For the scientific journal, see Tectonophysics (journal).

Tectonophysics, a branch of geophysics, is the study of the physical processes that underlie tectonic deformation. The field encompasses the spatial patterns of stress, strain, and differing rheologies in the lithosphere and asthenosphere of the Earth; and the relationships between these patterns and the observed patterns of deformation due to plate tectonics.

Overview

Tectonophysics is concerned with movements in the Earth's crust and deformations over scales from meters to thousands of kilometers.[1] Examples of such processes include mountain building, the formation of sedimentary basins, postglacial rebound of regions such as Fennoscandia, plate tectonics, volcanoes and earthquakes.[2] This involves the measurement of a hierarchy of strains in rocks and plates as well as deformation rates; the study of laboratory analogues of natural systems; and the construction of models for the history of deformation.

History

Tectonophysics was defined as a field in 1954 when Mikhail Vladimirovich Gzovskii published three papers in the journal Izvestiya Akad.
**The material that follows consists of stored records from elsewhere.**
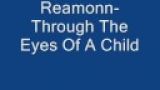 Reamonn -through the eyes of a child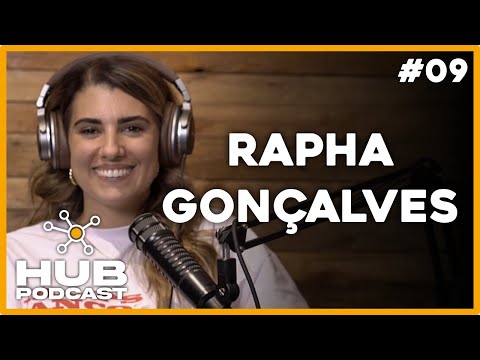 RAPHA GONÇALVES | HUB Podcast - EP 09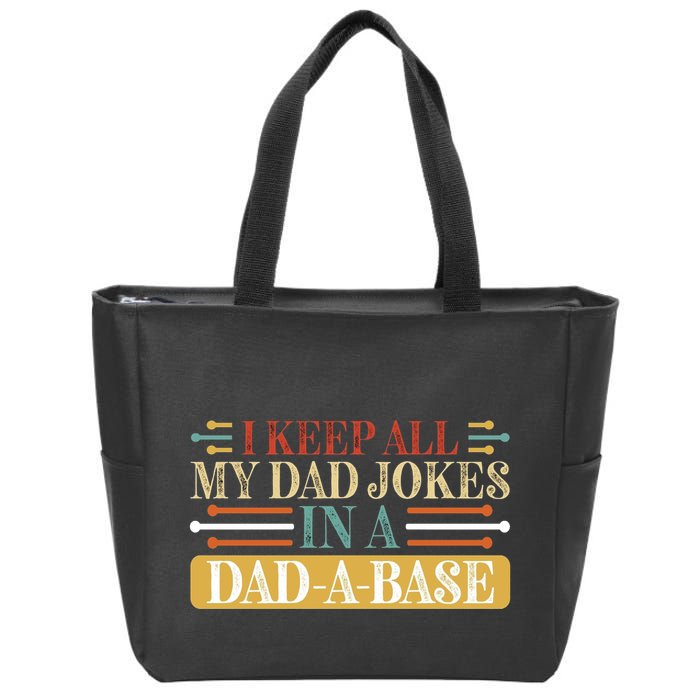I Keep All My Dad Jokes In A Dad A Base Zip Tote Bag
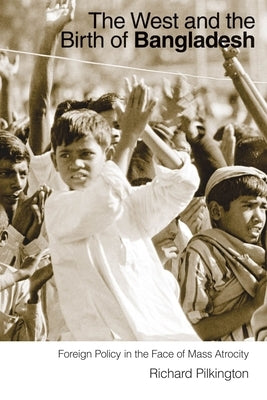 The West and the Birth of Bangladesh: Foreign Policy in the Face of Mass Atrocity by Pilkington, Richard
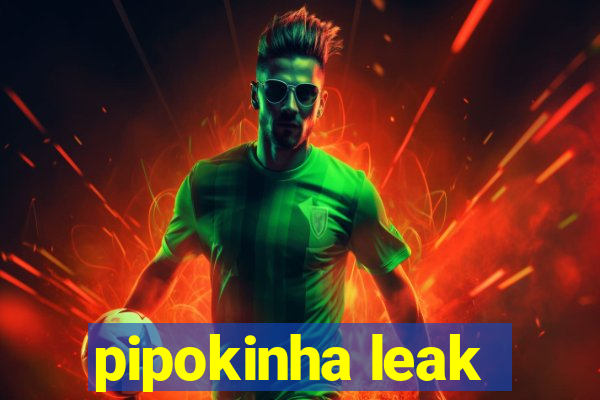 pipokinha leak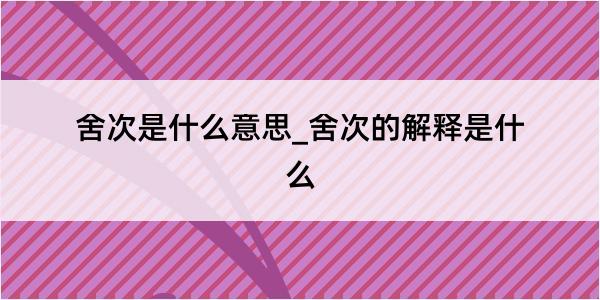 舍次是什么意思_舍次的解释是什么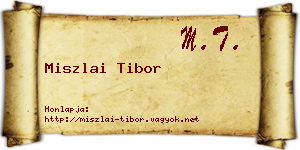 Miszlai Tibor névjegykártya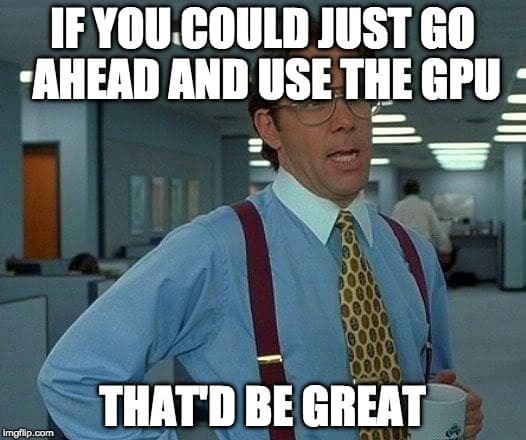 If you could just go ahead and use the GPU that'd be great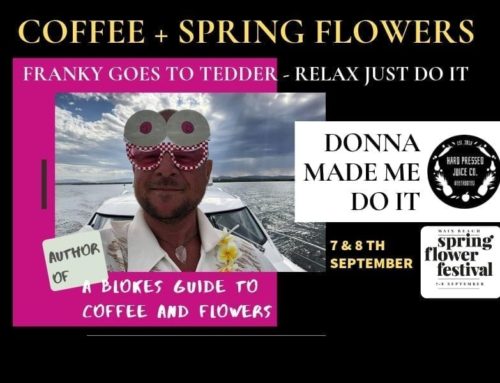 Franky Goes to Tedder ! – Author of a blokes guide to Coffee and Flowers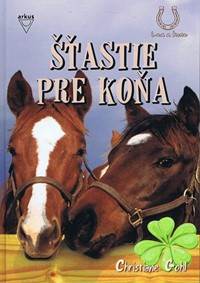 Kniha Šťastie pre koňa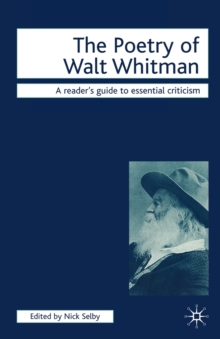The Poetry of Walt Whitman, Paperback / softback Book The Poetry of Walt Whitman, Paperback / softback Book
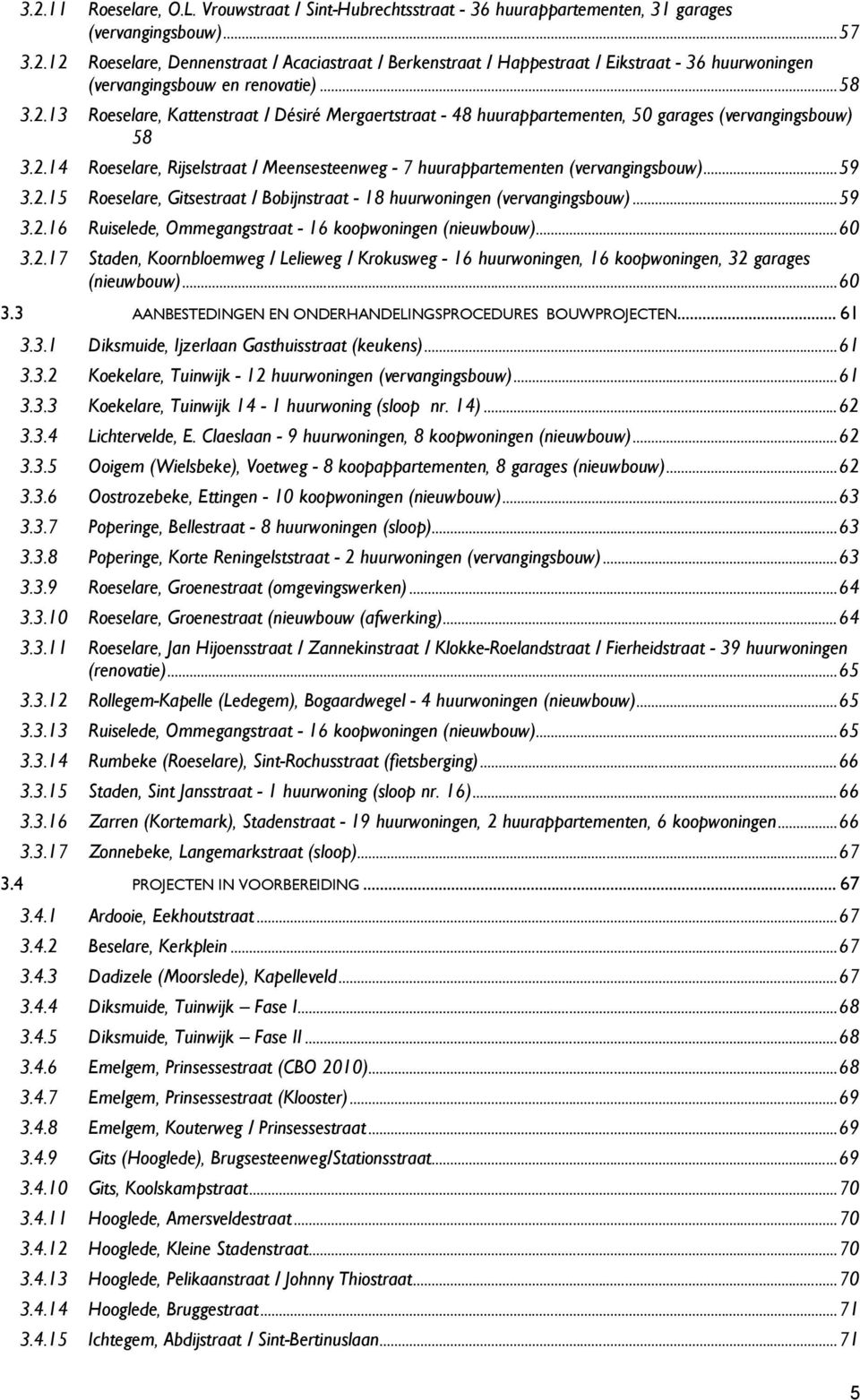 .. 59 3.2.15 Roeselare, Gitsestraat / Bobijnstraat - 18 huurwoningen (vervangingsbouw)... 59 3.2.16 Ruiselede, Ommegangstraat - 16 koopwoningen (nieuwbouw)... 60 3.2.17 Staden, Koornbloemweg / Lelieweg / Krokusweg - 16 huurwoningen, 16 koopwoningen, 32 garages (nieuwbouw).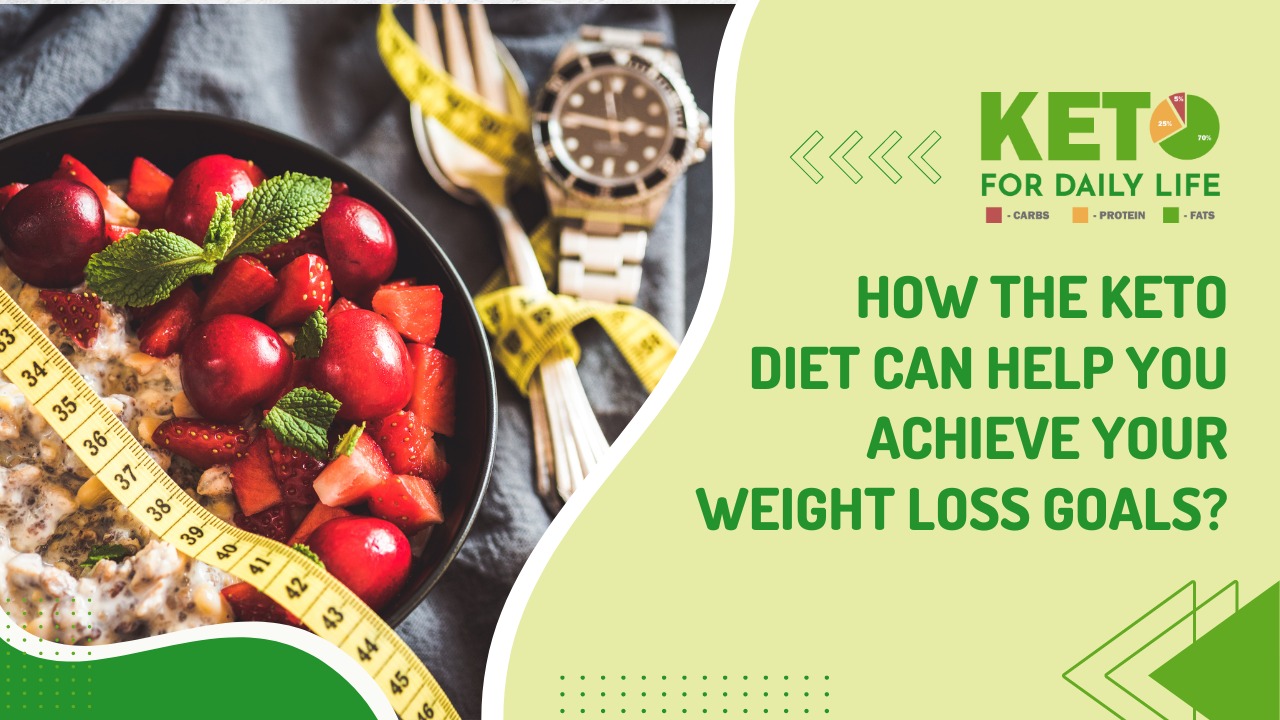 How the Keto Diet Can Help You Achieve Your Weight Loss Goals?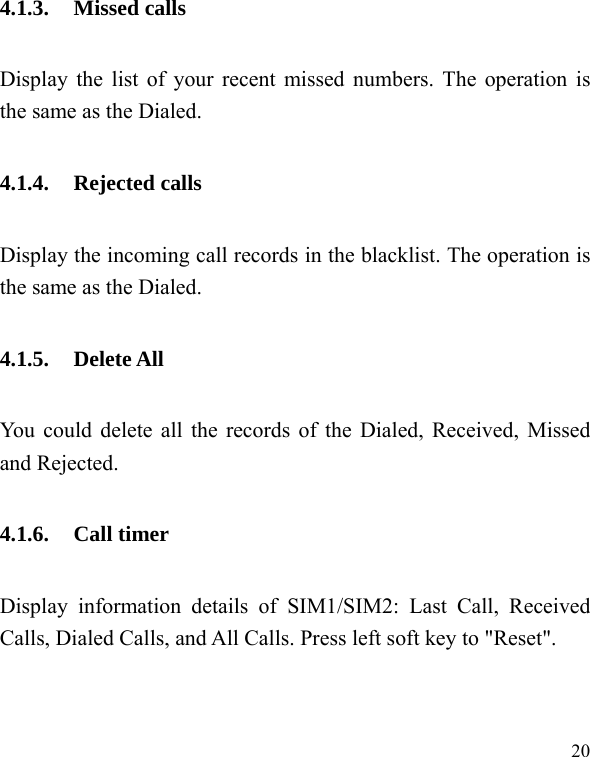  20 4.1.3. Missed calls Display the list of your recent missed numbers. The operation is the same as the Dialed. 4.1.4. Rejected calls Display the incoming call records in the blacklist. The operation is the same as the Dialed. 4.1.5. Delete All You could delete all the records of the Dialed, Received, Missed and Rejected. 4.1.6. Call timer Display information details of SIM1/SIM2: Last Call, Received Calls, Dialed Calls, and All Calls. Press left soft key to "Reset". 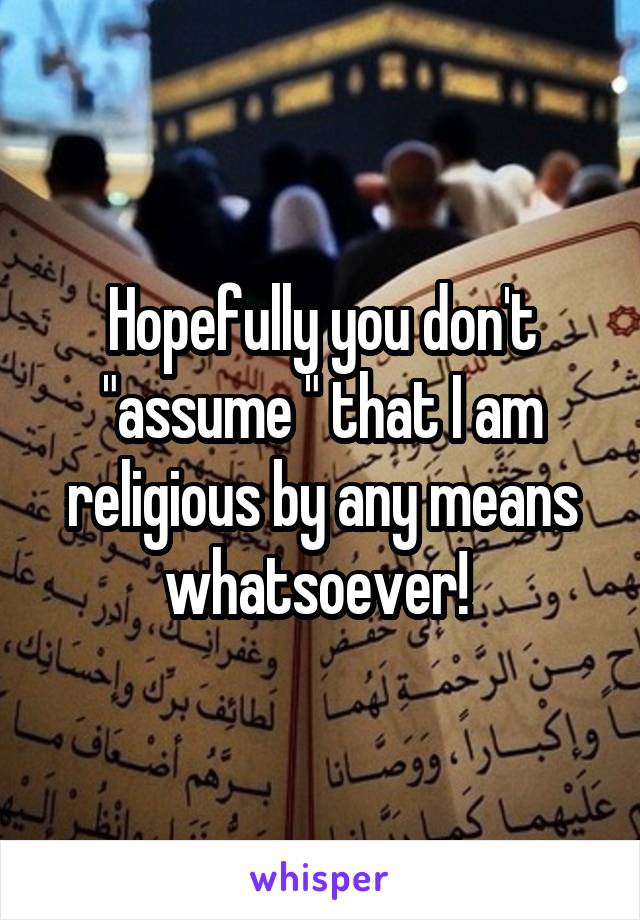 Hopefully you don't "assume " that I am religious by any means whatsoever! 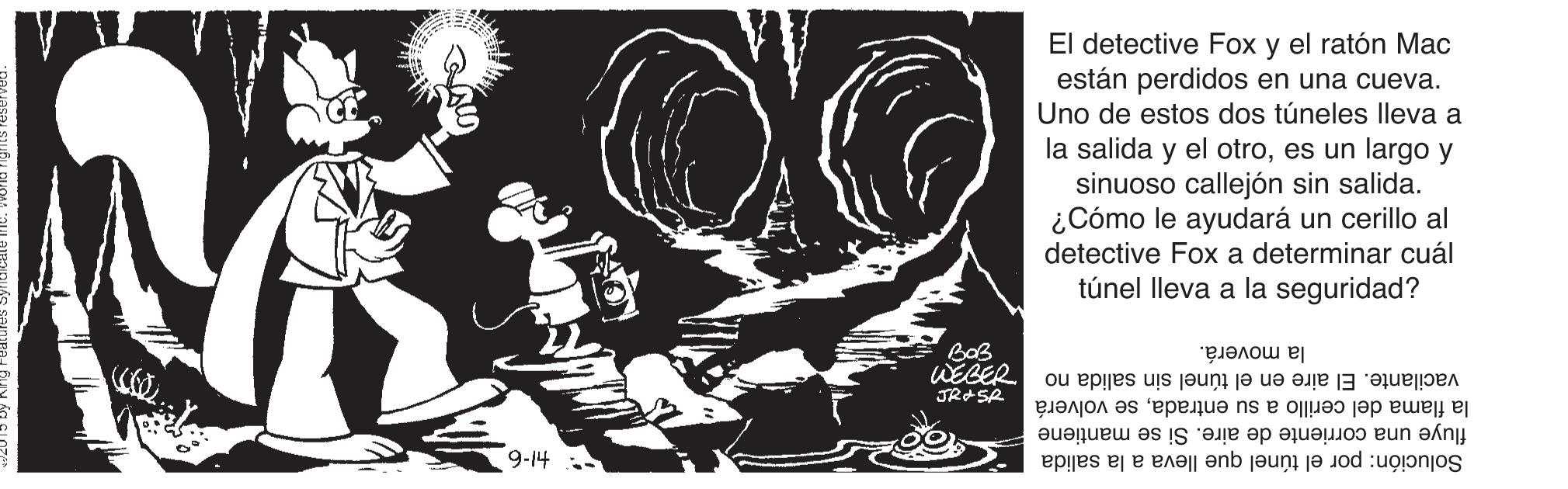 Graphic design OCR: El detective Fox y el ratón Mac están perdidos en una cueva. Uno de estos dos túneles lleva a la salida y el otroes un largo y sinuoso callejón sin salida. ¿Cómo le ayudará un cerillo al detective Fox a determinar cuál túnel lleva a la seguridad? BaB WEBER JRASR la moverá. vacilante. El aire en el túnel sin salida no la flama del cerillo a su entradase volverá fluye una corriente de aire. Si se mantiene Solución: por el túnel que lleva a la salida 9-14 El detective Fox y el ratón Mac están perdidos en una cueva. Uno de estos dos túneles lleva a la salida y el otroes un largo y sinuoso callejón sin salida. ¿Cómo le ayudará un cerillo al detective Fox a determinar cuál túnel lleva a la seguridad? BaB WEBER JRASR la moverá. vacilante. El aire en el túnel sin salida no la flama del cerillo a su entradase volverá fluye una corriente de aire. Si se mantiene Solución: por el túnel que lleva a la salida 9-14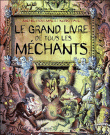 Le grand livre de tous les méchants&nbsp;-&nbsp;Michel Piquemal, Paul Korky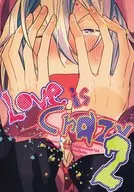 Love is crazy2 / Kanko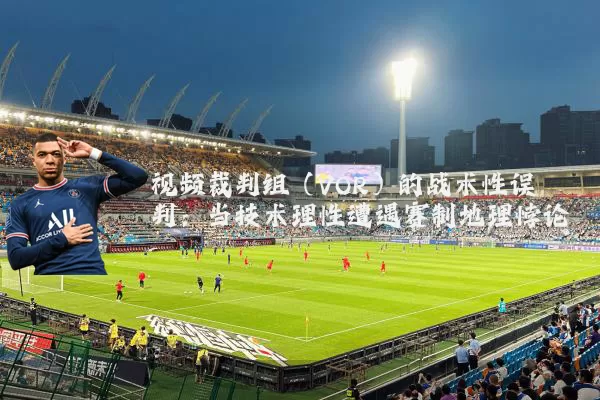视频裁判组(VOR)的战术性误判:当技术理性遭遇赛制地理悖论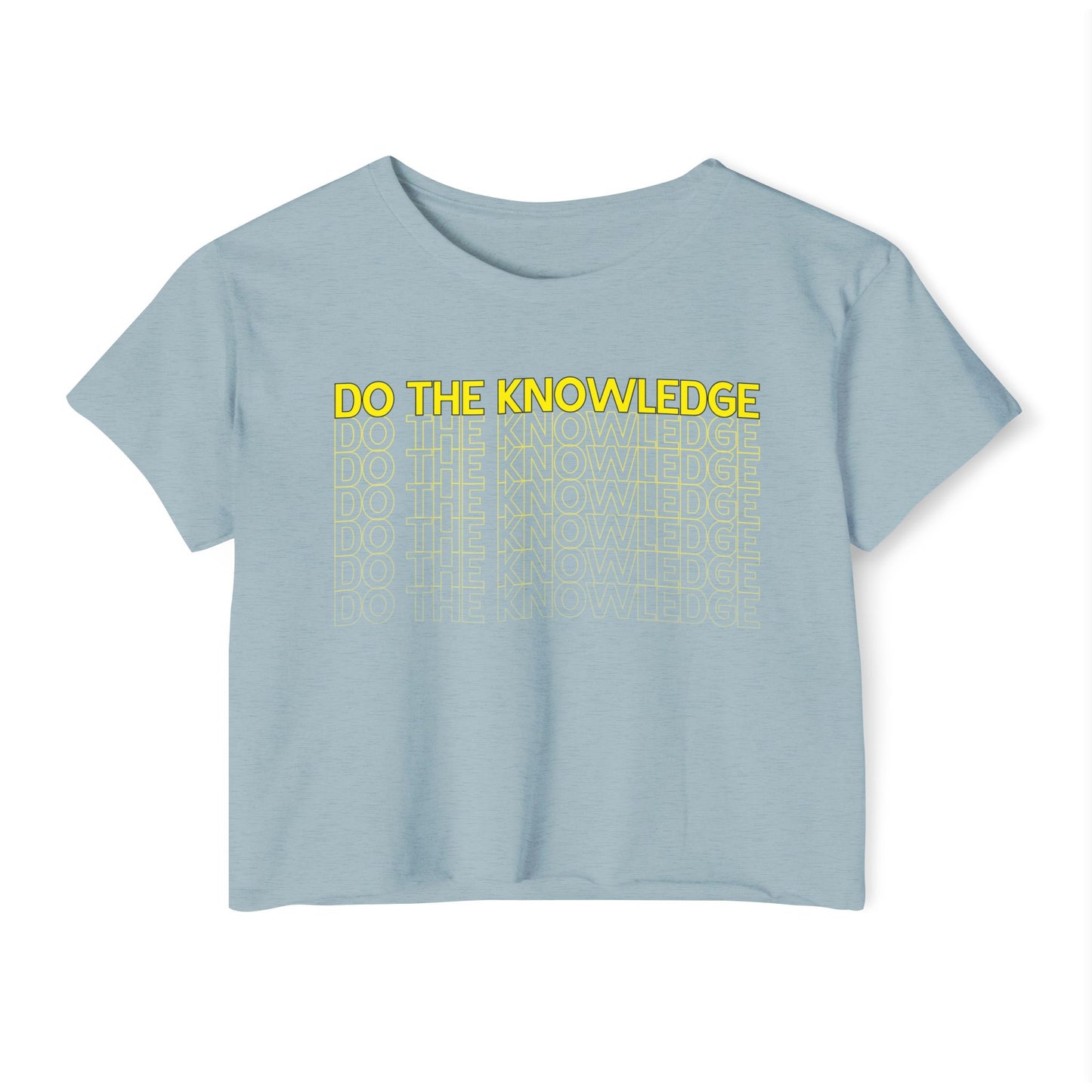 Do The Knowledge - Crop Top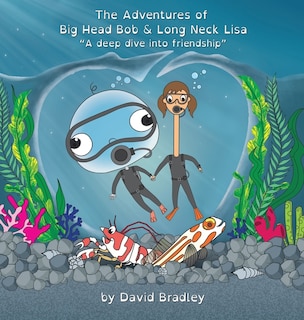 Front cover_The Adventures of Big Head Bob and Long Neck Lisa - A Deep Dive into Friendship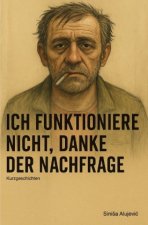 Ich funktioniere nicht, danke der Nachfrage
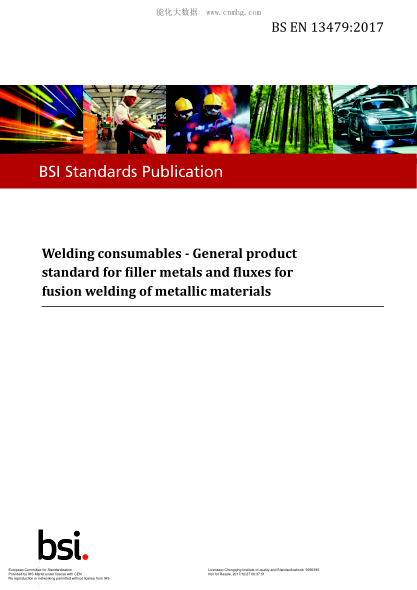 EN 13479-2017   Welding consumables - General product standard for filler metals and fluxes for fusion welding of metallic materials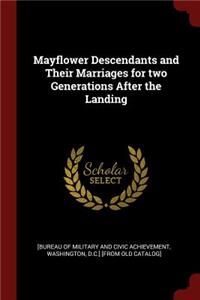 Mayflower Descendants and Their Marriages for two Generations After the Landing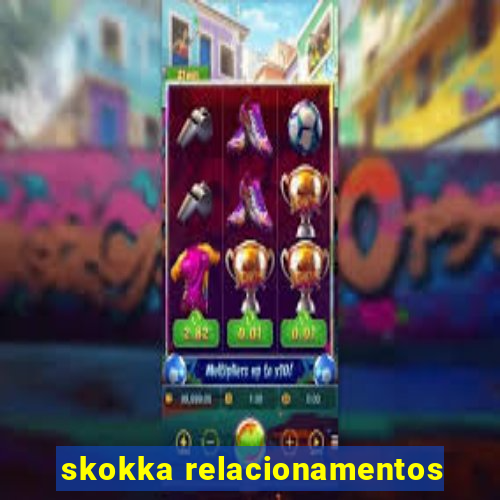 skokka relacionamentos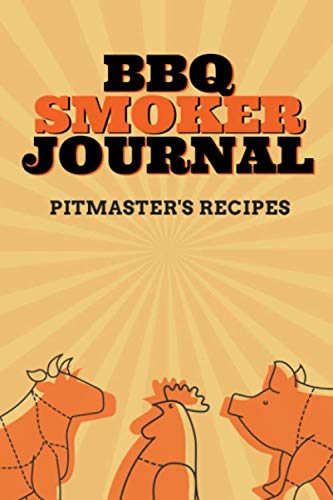 BBQ Smoker Journal: Pitmaster's Recipes - BBQ Smoker Recipe Journal, Meat Smoker Logbook by Lucky Life Publishing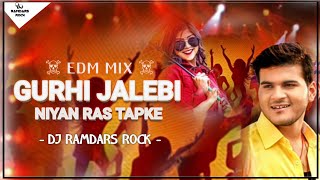 GURHI JALEBI NIYAN RAS TAPKE - EDM MIX - DJ PALI .IN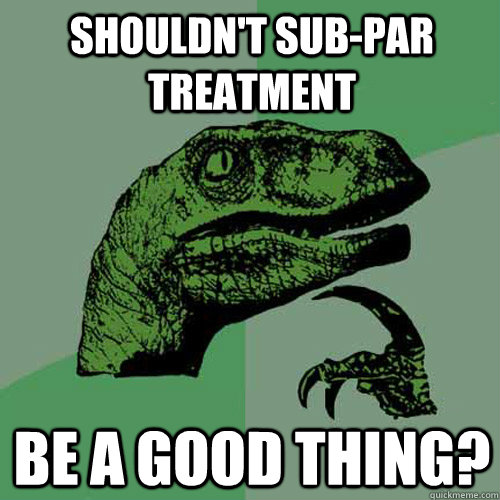 Shouldn't Sub-Par treatment Be a Good Thing? - Shouldn't Sub-Par treatment Be a Good Thing?  Philosoraptor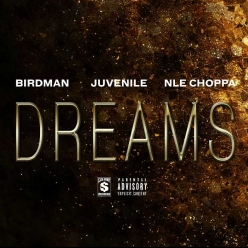 Birdman & Juvenile Ft. NLE Choppa - Dreams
Nauk SSSR, Sireya Geofizicheskaya: "On the tasks and content of tectonophysics", "Tectonic stress fields", and "Modeling of tectonic stress fields". He defined the main goals of tectonophysical research to be study of the mechanisms of folding and faulting as well as large structural units of the Earth's crust. He later created the Laboratory of Tectonophysics at the Institute of Physics of the Earth, Academy of Sciences of the USSR, Moscow.[3]